ハスキーは、声の表現にもありますよね。ハスキー・ヴォイスというではありませんか。
husky と書いて、「ハスキー」と訓みます。ちょっとしゃがれた声ことです。なんとも魅力的ですね。
たとえば、ヘレン・メリル。たとえば、『ニアネス・オブ・ユウ』だとか。「ニュウヨークのため息」と形容されたものであります。
ハスキーが出てくる随筆に、『父の詫び状』があります。向田邦子が、昭和五十二年に発表したものです。
「開会の辞よりも井戸端会議が似合いそうな、いささか下世話なハスキーボイスに、少々びっくりした。」
これは『昔カレー』の章題に出てくる文章なのですが。
昔カレー。そういえば昔、赤坂の「ままや」でひと口カレーを食べた記憶があります。「ままや」は今はありません。その頃、妹君の向田和子さんがやっていらした食堂。たぶん、向田邦子も時にひと口カレーが食べたい時があったのでしょう。

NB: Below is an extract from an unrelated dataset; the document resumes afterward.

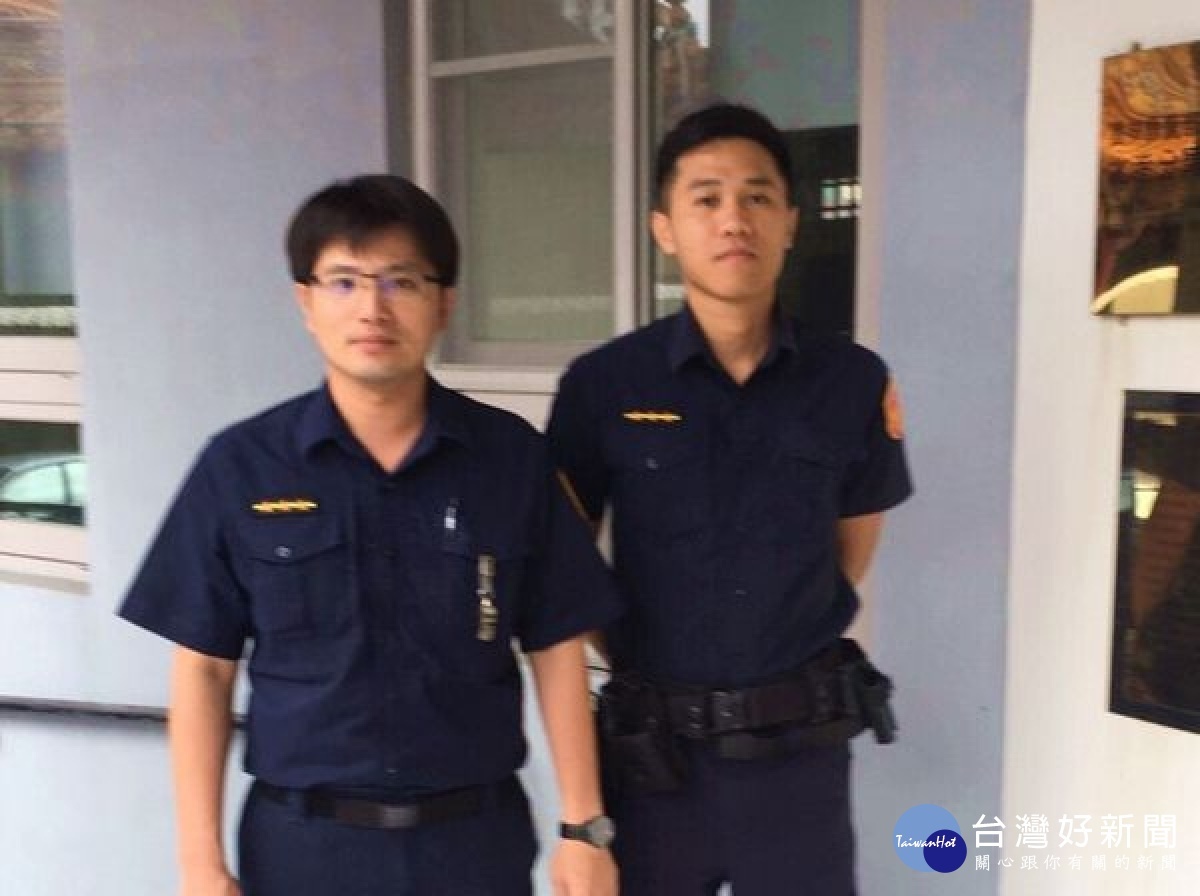 金湖所員警見快速道路上車輛來往頻繁，為避免車道阻塞或發生交通事故，主動協助婦人將故障車輛推行至避車道，為民服務的精神深獲民眾肯定讚許。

「こうしてみると文章の才というものは天賦のものらしい。向田邦子は突然あらわれてほとんど名人である。」
2011年に、山本夏彦は『名人』の随筆に、そのように書いています。
山本夏彦は辛口のお方で、めったに人を褒めることのない人物。その頃話題になったものであります。
向田邦子はおしゃれとも関係があります。向田邦子は昭和二十七年、二十三歳の時に、「雄鶏社」に入っていますから。その頃の雄鶏社は編物の本を多く出していた出版社。
それ以前の向田邦子は、学校を出て「財政文化社」の社長秘書になっています。そこを辞めて、雄鶏社に。つまり、秘書から編集者に変身したわけですね。
雄鶏社は1945年の10月、武内俊三がはじめた出版社。1952年には、『映画ストーリー』を創刊しています。
向田邦子は1958年5月21日に、入社。そこで配属されたのが、『映画ストーリー』編集部だったのです。
『映画ストーリー』で同僚となったのが、上野たま子。上野たま子は『帽子』と題する随筆の中で、その頃の向田邦子を語っています。
「手先が器用で、よく帽子を作ってもらいました。色は濃いワインカラー。私はそれをとても気にいっていて、毎日のように被っていました。」
入社当時の向田邦子は、誰よりもはやく出社して、編集部の掃除などもしてくれたとも、上野たま子は書いてあります。
向田邦子が『映画ストーリー』を辞めて、独立のライターになった頃、出会ったのが、常盤新平。昭和三十六年頃の話なのですが。向田邦子、三十二歳。常盤新平、三十歳。
清水俊二のホームパーティーで。清水俊二は、映画の字幕翻訳家。常盤新平の先輩にあたります。向田邦子にとっては、『映画ストーリー』時代の執筆者だったのでしょう。
当時、清水俊二の自宅が世田谷にあって、毎年の11月27日が清水俊二の誕生日だったので。
「向田さんの新旧バランスの良さは、十年近く銀座でお勤めになったこともあるように思います。あの頃の銀座は特別でしたからね。」
常盤新平は向田邦子についてそのように語っています。
えーと、ハスキーの話でしたね。ハスキーが出てくるミステリに、『魔法人形』があります。1937年に、マックス・アフォードが書いた物語。
「彼がゆっくりと微笑んでハスキーな声で挨拶したとき、ここにいるのは今まで目にした中でも最高の美人に違い、ないとブラックバーンは思った。」
これは「カミラ・ウォード」という女性について。また、『魔法人形』には、こんな一節も出てきます。
「分厚いセーター ハリスツイードの上下という気取りのない服装がかえって魅力的だった。」
– これは「ジャン」の着こなしとして。
– どなたかハリス・トゥイードのスーツを仕立てて頂けませんでしょうか。
これは「ジャン」の着こなしとして。